Uninformed - vol 6 article 2

The payload architecture that the authors decided to integrate was based heavily off previous research[1]. As was alluded to in the introduction, there are a number of complicated considerations that must be taken into account when dealing with kernel-mode exploitation. A large majority of these considerations are directly related to what methods should be used when executing arbitrary code in the kernel. For example, if a device driver was holding a lock at the time that an exploit was triggered, what might be the best way to go about releasing that lock so as to recover the system so that it will still be possible to interact with it in a meaningful way? Other types of considerations include things like IRQL restrictions, cleaning up corrupted structures, and so on. These considerations lead to there being many different ways in which a payload might best be implemented for a particular vulnerability. This is quite a bit different from the user-mode environment where it's almost always possible to use the exact same payload regardless of the application.

Though these situational complications do exist, it is possible to design and implement a payload system that can be applied in almost any circumstance. By separating kernel-mode payloads into variable components, it becomes possible to combine components together in different ways to form functional variations that are best suited for particular situations. In Windows Kernel-mode Payload Fundamentals [1], kernel-mode payloads are broken down into four different components: migration, stagers, recovery, and stages.

When describing kernel-mode payloads in terms of components, the migration component would be one that is used to migrate from an unsafe execution environment to a safe execution environment. For example, if the IRQL is at DISPATCH when a vulnerability is triggered, it may be necessary to migrate to a safer IRQL such as PASSIVE. It is not always necessary to have a migration component. The purpose of a stager component is to move some portion of the payload so that it executes in the context of another thread context. This may be necessary if the current thread is of critical importance or may lead to a deadlock of the system should certain operations be used. The use of a stager may obviate the need for a migration component. A recovery component is something that is used to restore the system to clean state and then continue execution. This component is generally one that may require customization for a given vulnerability as it may not always be possible to describe the steps needed to recover the system in a generic way. For example, if locks were held at the time that the vulnerability was triggered, it may be necessary to find a way to release those locks and then continue execution from a safe point. Finally, the stage component is a catch-all for whatever arbitrary code may be executed once the payload is running in a safe environment.

This model for describing kernel-mode payloads is what the authors decided to adopt. To better understand how this model works, it seems best to describe how it was applied for all three real world vulnerabilities that are shown in chapter 5. These three vulnerabilities actually make use of the same basic underlying payload, which will henceforth be referred to as ``the payload'' for brevity. The payload itself is composed of three of the four components. Each of the payload components will be discussed individually and then as a whole to provide an idea for how the payload operates.

The first component that exists in the payload is a stager component. The stager that the authors chose to use is based on the SharedUserData SystemCall Hook stager described in [1]. Before understanding how the stager works, it's important to understand a few things.
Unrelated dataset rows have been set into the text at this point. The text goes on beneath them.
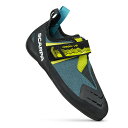 ★スカルパ SCARPA オリジン VS ペトロール クライミングシューズ 登攀具 インドアクライミング 初心者向け エントリーモデル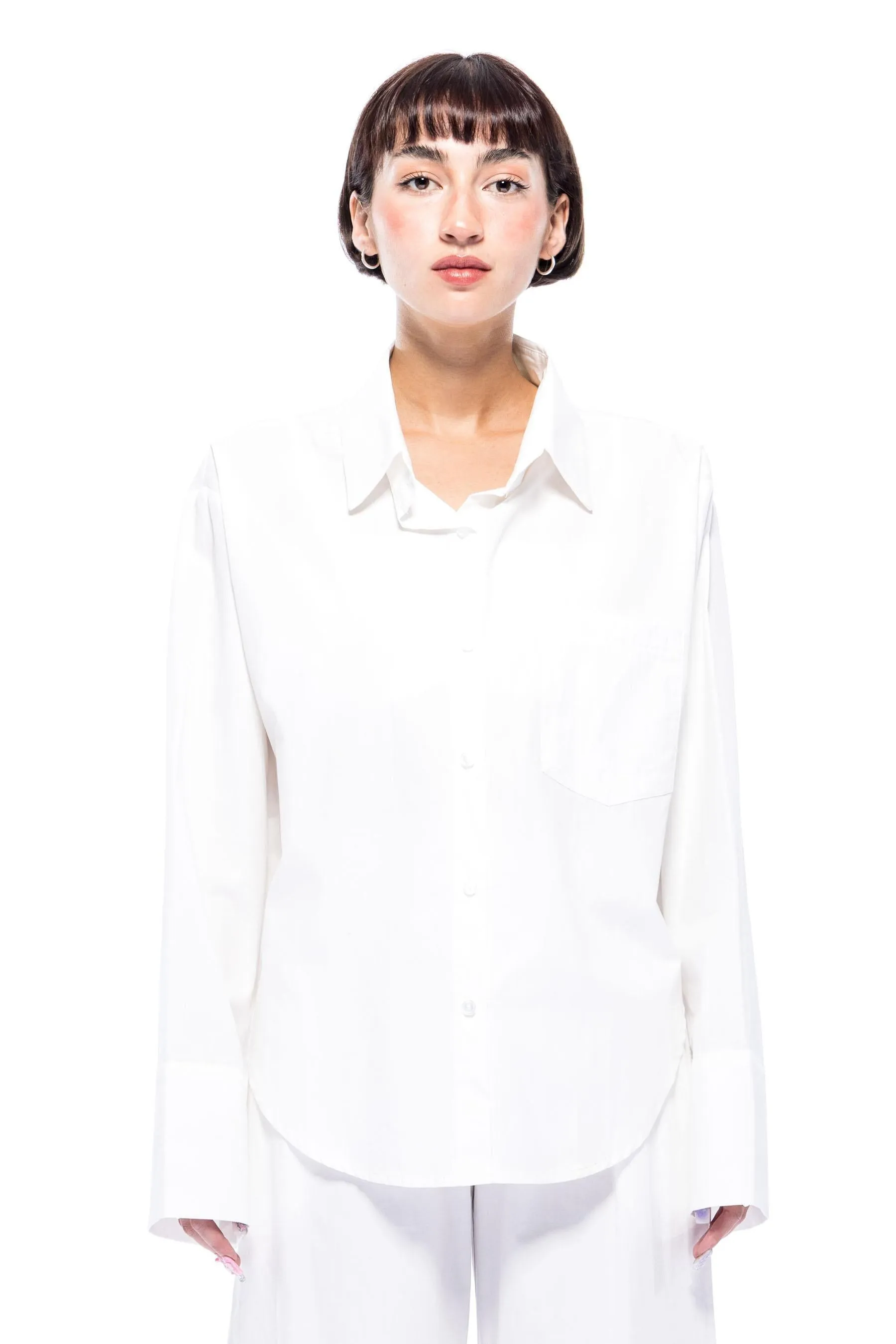Jolie Button-Up Shirt sold by Toit Volant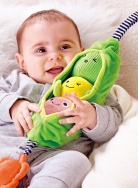 E0135_HP Подвесная игрушка "Соня" Подвесные друзья-горошины Hape, фото 2 E0135_HP Подвесная игрушка "Соня" Подвесные друзья-горошины Hape, фото 2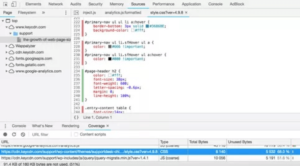 CSS : 4 moyens de retirer du code inutile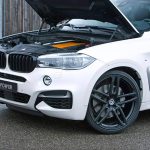 Βελτιωμένη ντίζελ BMW X6 M50d με θηριώδη ροπή 870 Nm!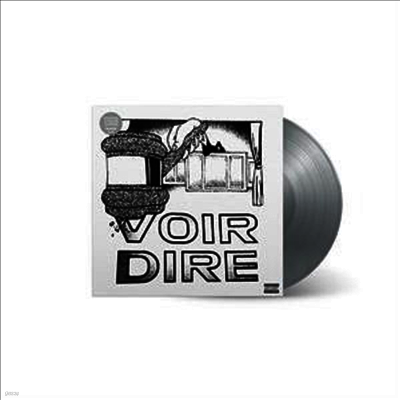 Earl Sweatshirt & The Alchemist — Voir Dire (US Indie Exclusive) 앨범 커버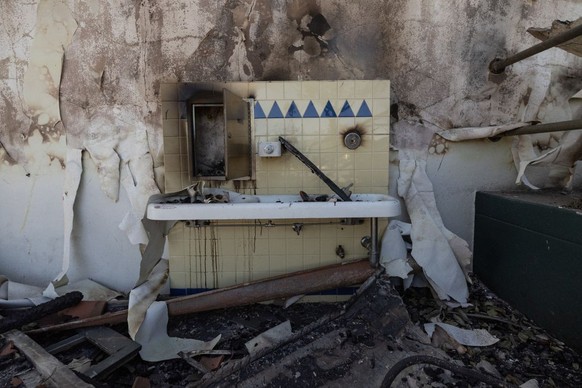 Los Angeles, CA - January 12: Palisades Charter Elementary who school was destroyed by fire in the Pacific Palisades on Sunday, Jan. 12, 2025 in Los Angeles, CA. (Jason Armond / Los Angeles Times via  ...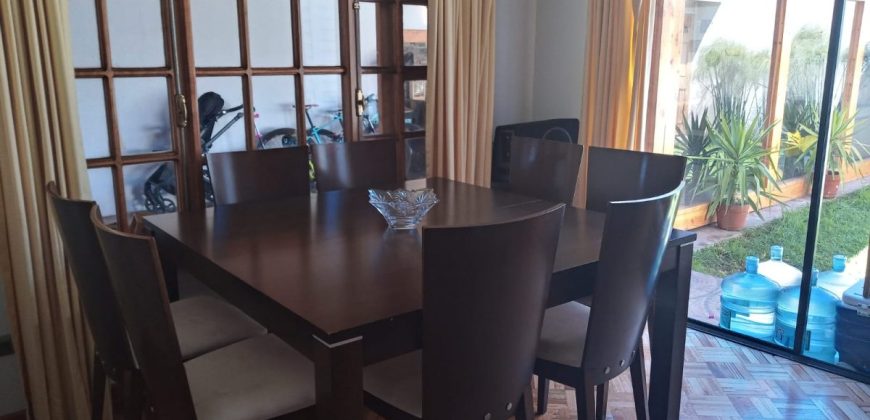 Casa Ampliada en Colina El Pino – La Serena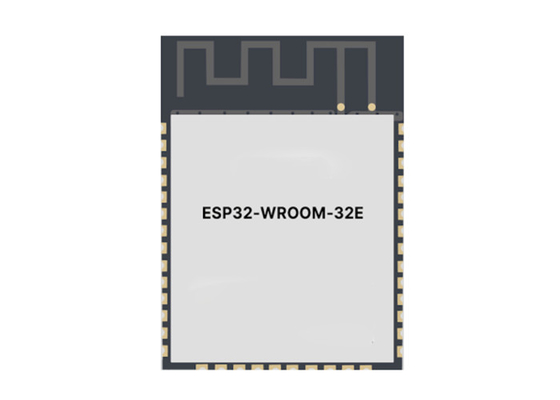 無線通信モジュールESP32-WROOM-32E 2.4 GHz WiFiおよびBLEモジュール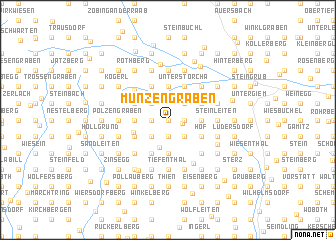 map of Münzengraben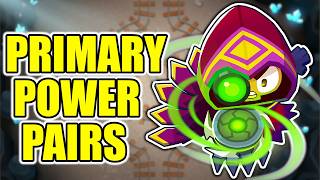 PRIMARY POWER PAIRS (No Micro, No Monkey Knowledge) | Quest Guide 🏆 BTD6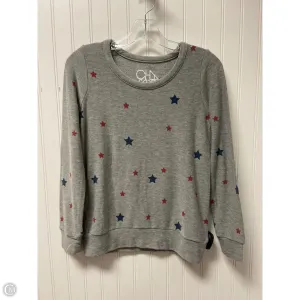 Sweatshirt Crewneck By Chaser In Grey, Size: Xs Lounge Gear Craft Edge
As the name implies, the stager accomplishes its goal by hooking the SystemCall attribute found within SharedUserData. As a point of reference, SharedUserData is a global page that is shared between user-mode and kernel-mode. It acts as a sort of global structure that contains things like tick count and time information, version information, and quite a few other things. It's extremely useful for a few different reasons, not the least of which being that it's located at a fixed address in user-mode and in kernel-mode on all NT derivatives. This means that the stager is instantly portable and doesn't need to perform any symbol resolution to locate the address, thus helping to keep the overall size of the payload small.

The SystemCall attribute that is hooked is part of an enhancement that was added in Windows XP. This enhancement was designed to make it possible to use optimized system call instructions depending on what hardware support is present on a given machine. Prior to Windows XP, system calls were dispatched from user-mode through the hardcoded use of the int 0x2e soft interrupt. Over time, hardware enhancements were made to decrease the overhead involved in performing a system call, such as through the introduction of the sysenter instruction. Since Microsoft isn't in the business of providing different versions of Windows for different makes and models of hardware, they decided to determine at runtime which system call interface to use. SharedUserData was the perfect candidate for storing the results of this runtime determination as it was already a shared page that existed in every user-mode process. After making these modifications, ntdll.dll was updated to dispatch system calls through SharedUserData rather than through the hardcoded use of int 0x2e. The initial implementation of this new system call dispatching interface placed executable code within the SystemCall attribute of SharedUserData. Subsequent versions of Windows, such as XP SP2, turned the SystemCall attribute into a function pointer.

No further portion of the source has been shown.